## DESCRIPTION OF THE TASK
Look through the listing below for the line containing "Black⁩ – תמונה ⁦2⁩". Copy it and each line after it up to and including the line containing "Jovens ganham bolsas", exactly, leaving out pictures.

## LISTED ENTRIES
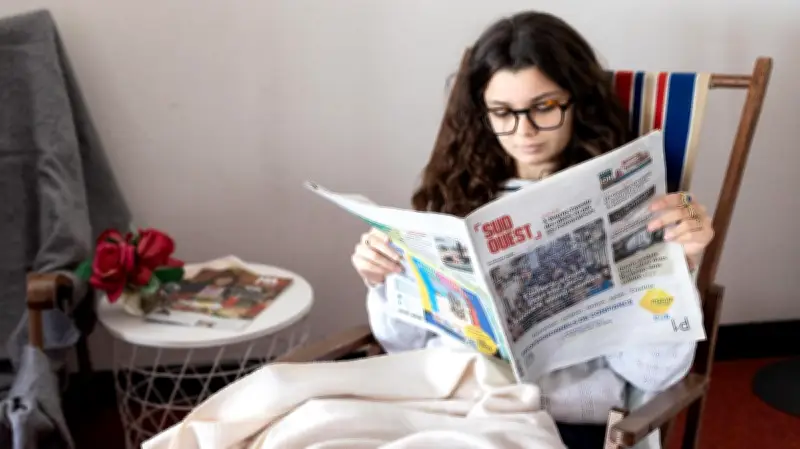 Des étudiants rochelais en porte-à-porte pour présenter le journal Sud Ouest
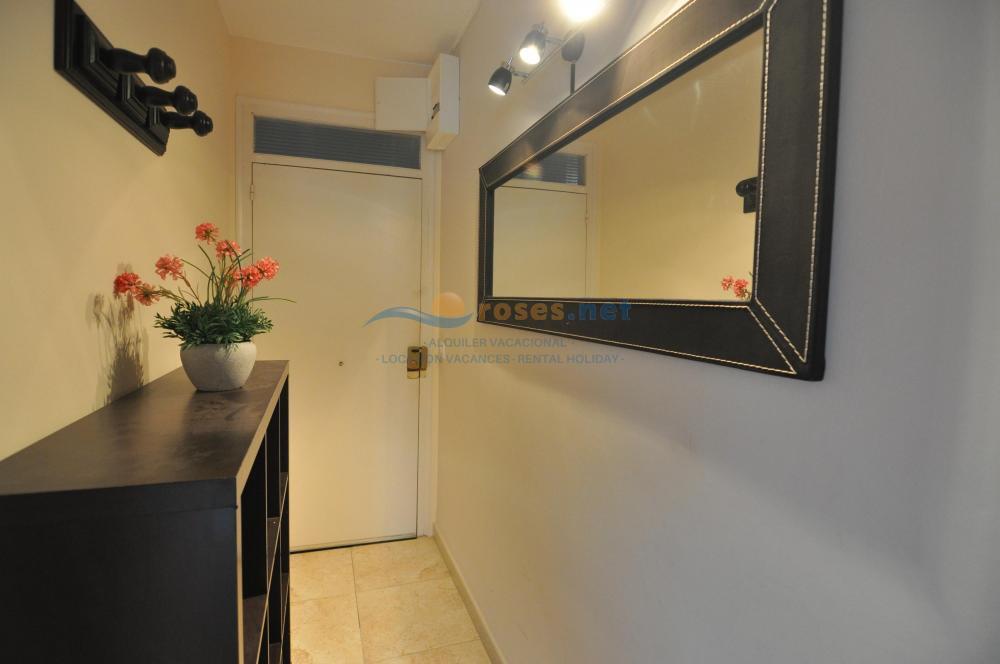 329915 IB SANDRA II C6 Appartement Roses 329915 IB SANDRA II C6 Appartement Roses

* * *

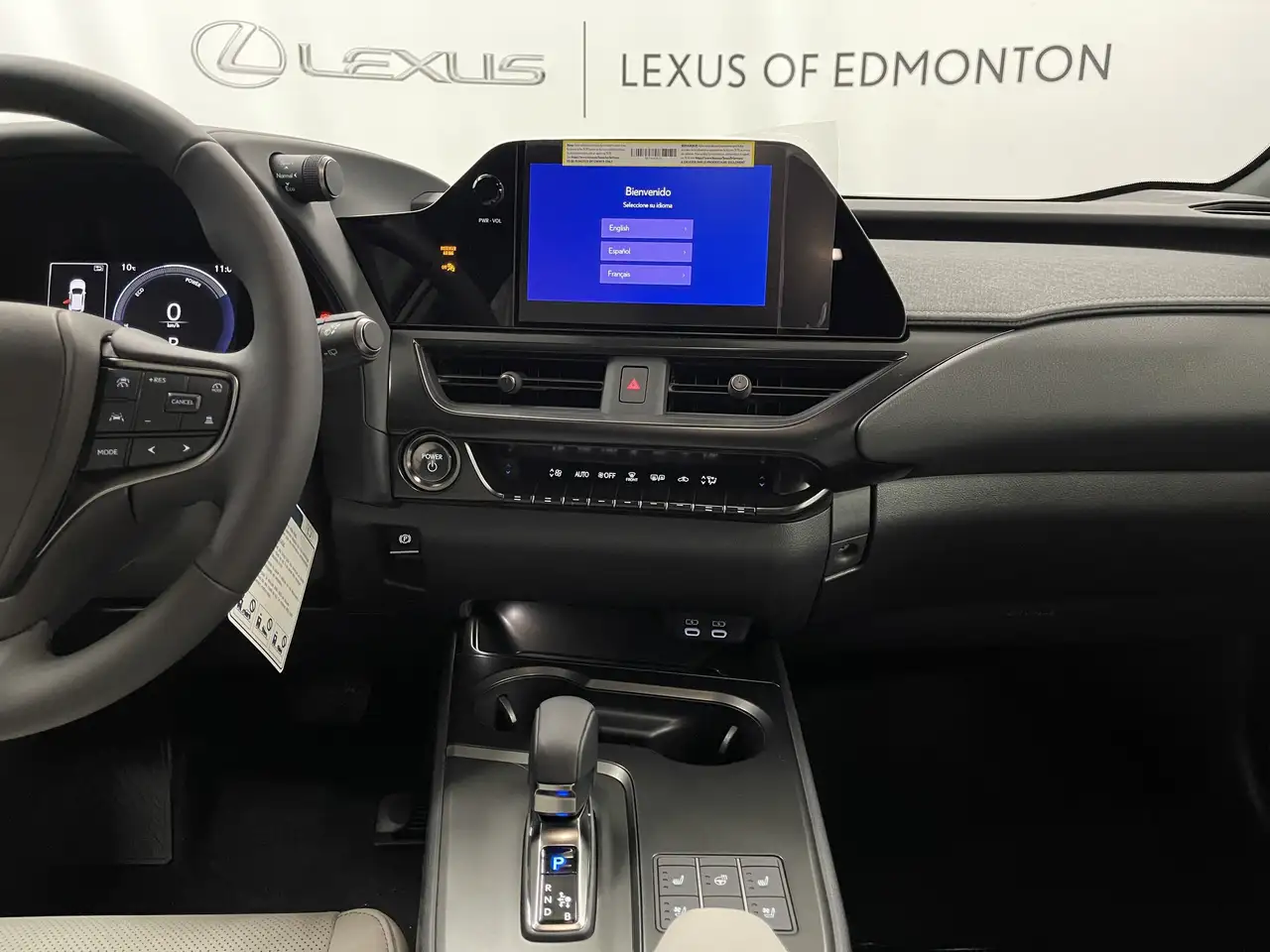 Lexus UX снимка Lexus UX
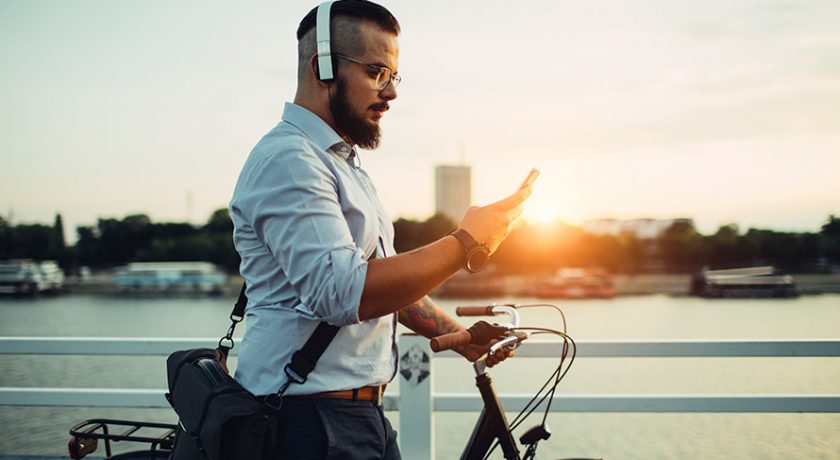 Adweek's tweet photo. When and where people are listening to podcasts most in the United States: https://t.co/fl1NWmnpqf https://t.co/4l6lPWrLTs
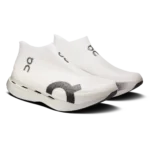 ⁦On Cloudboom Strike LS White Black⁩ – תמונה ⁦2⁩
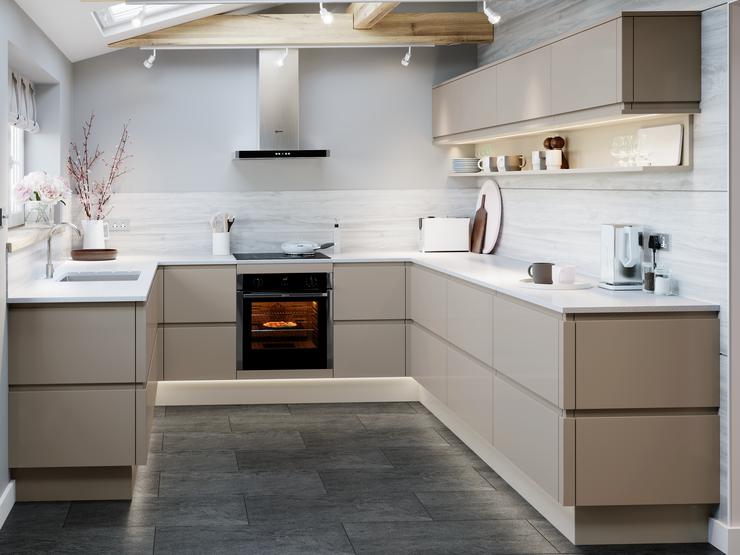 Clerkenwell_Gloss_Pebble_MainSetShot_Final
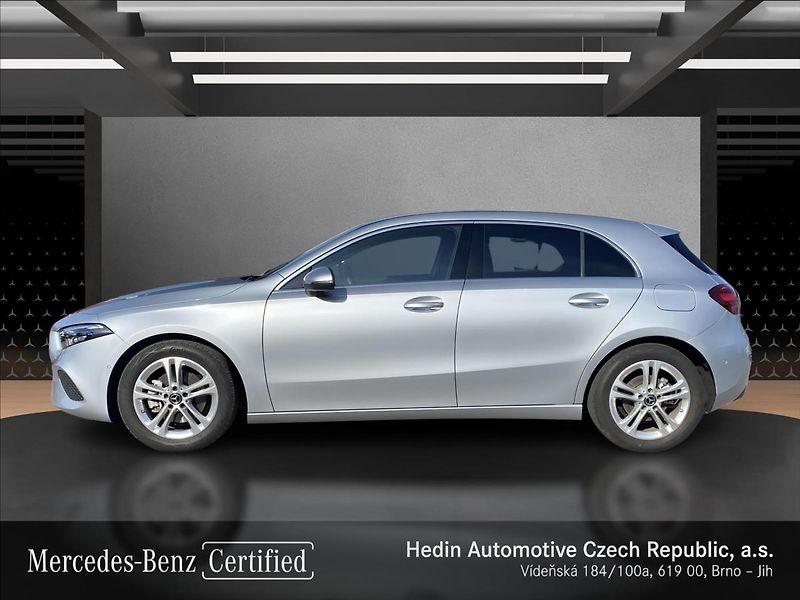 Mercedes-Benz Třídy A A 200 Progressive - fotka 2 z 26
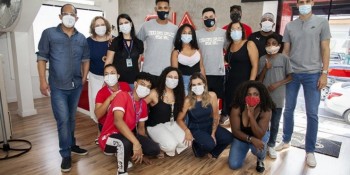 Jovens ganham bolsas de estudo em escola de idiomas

## EXERCISE RESPONSE
 ⁦On Cloudboom Strike LS White Black⁩ – תמונה ⁦2⁩
 Clerkenwell_Gloss_Pebble_MainSetShot_Final
 Mercedes-Benz Třídy A A 200 Progressive - fotka 2 z 26
 Jovens ganham bolsas de estudo em escola de idiomas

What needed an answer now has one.